A Carpenter Is Saving Toronto’s Homeless From Freezing, One Mobile Shelter At A Time A Carpenter Is Saving Toronto’s Homeless From Freezing, One Mobile Shelter At A Time

A Carpenter Is Saving Toronto’s Homeless From Freezing, One Mobile Shelter At A Time

Winter temperatures in Toronto can often dip down to -8°F (-22°C). No person should have to sleep outside in that kind of deadly cold, yet hundreds if not thousands will. Unfortunately, some won’t survive the cold nights. Khaleel Seivwright is doing his best to make sure at least a few of his fellow Torontonians have a warm place to sleep this winter. 

Seivwright has a small workshop that he rents and for the past few months, he’s been building small, mobile sleeping shelters for Toronto’s homeless. They aren’t much, just a plywood box really with some generic fiberglass insulation to keep the cold out, a small window, and caster wheels for transport. They’re far better than a tent though, or even worse, nothing at all. 

The entire cost of a shelter is around $1,000 for the materials and take the 28-year-old carpenter about eight hours to construct. Seivwright said he came up with the idea simply from seeing people sleeping on the city streets and worrying about the approaching winter. 

“I’ve never seen so many people staying outside in parks, and this is something I could do to make sure people staying outside in the winter could survive,” Seivwright told the CBC.

A growing problem and a looming “catastrophic” winter”

Like a number of North American cities, Toronto’s homeless problem is only getting worse.
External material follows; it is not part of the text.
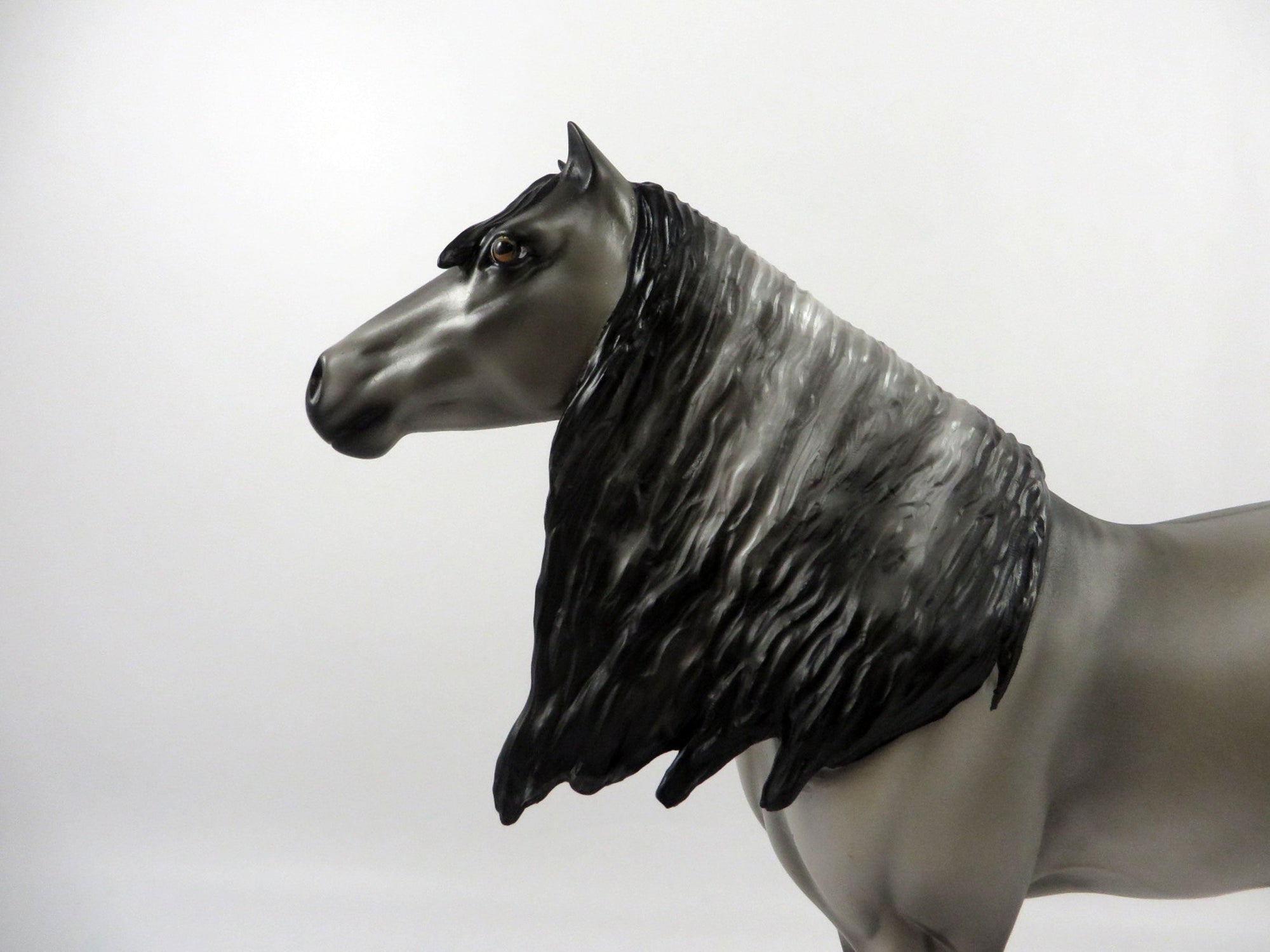 Sulphur-LE-9 Grulla Mustang&#39;s by Audrey Dixon 2/26/21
In 2019, the city had over 5,200 chronically homeless individuals, with 66 percent of those saying the lack of affordable housing was a major hurdle to getting off the street. 

With the ongoing COVID-19 pandemic, those on the brink of losing their homes because of economic turmoil, could soon find themselves sleeping on the street or in a shelter. 

Cathy Crowe, a nurse who works with the homeless said she believes the city has more homeless than it estimates and fears the city could be in for a “catastrophic” problem. “We have not yet seen the wave of evictions from people in unstable, unaffordable housing,” Crowe said. “People are trickling into homelessness now, but it’s going to be like nothing we’ve ever seen in our lifetime.”

While Crowe was critical of Seivwright’s mobile shelters, even calling them “coffin-like” she believes they’re the viable alternative at the moment. “Innovative, creative solutions like this are going to have to happen,” she explained.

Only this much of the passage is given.